Nearshore Americas

What Makes Continuous Innovation in BPO So Difficult?

The promise of ongoing innovation is often one of the primary reasons companies consider business process outsourcing (BPO).  Each BPO provider’s marketing heavily touts their ability to drive constant, positive change for their clients, leveraging their industry and process experience and learnings from the myriad of engagements they support.  The promise of ‘continuous innovation’ is, in cases when everything else is comparable, often the deciding factor behind moving an internal function to a specific BPO provider.  While companies are keen to realize the benefits of continuous innovation, many are unable to take the steps required to do so. The result in these cases often manifests in disappointing relationships with the BPO provider and missed opportunities to realize the business case behind outsourcing in the first place.

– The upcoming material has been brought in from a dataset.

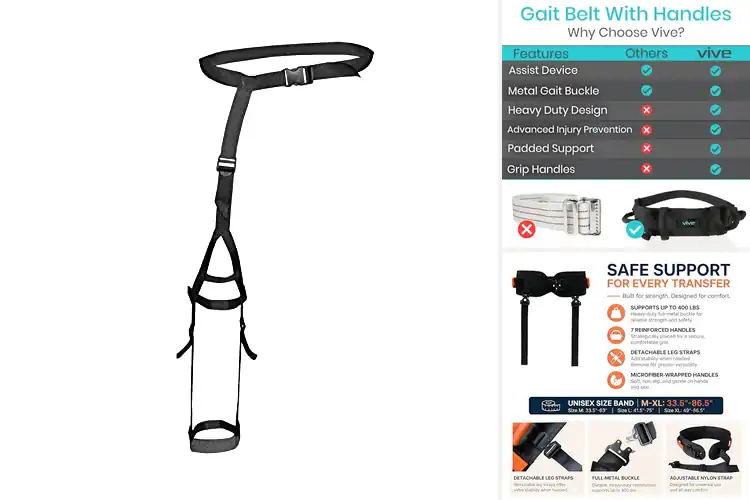 Detailed view of Best Walking Assistant Straps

Given this dynamic, it is not surprising that ‘lack of innovation’ is a major reason companies change BPO providers or move from outsourcing to bring functions back in-house.  While everyone is talking about innovation, few are really doing it, and those that attempt to do it are likely not doing it particularly well. The fact is that when it comes to innovation a number of challenges turn into roadblocks and make it difficult to put innovation into practice.  But fear not – there are several relatively simple steps to ensuring that innovation not only happens but is maximized.

Defining Innovation

The biggest challenge comes from not having a clear and agreed understanding of what innovation is really all about.  It is about driving differentiation by continually challenging and changing the way we work. At its core, innovation is about thinking and doing things differently to achieve better results, not just making a massive investment in some new technology or change for the sake of change.  Innovation comes from applying a deep understanding of a process to change the way it is executed while performing it at the lowest possible cost in a manner that provides competitive differentiation.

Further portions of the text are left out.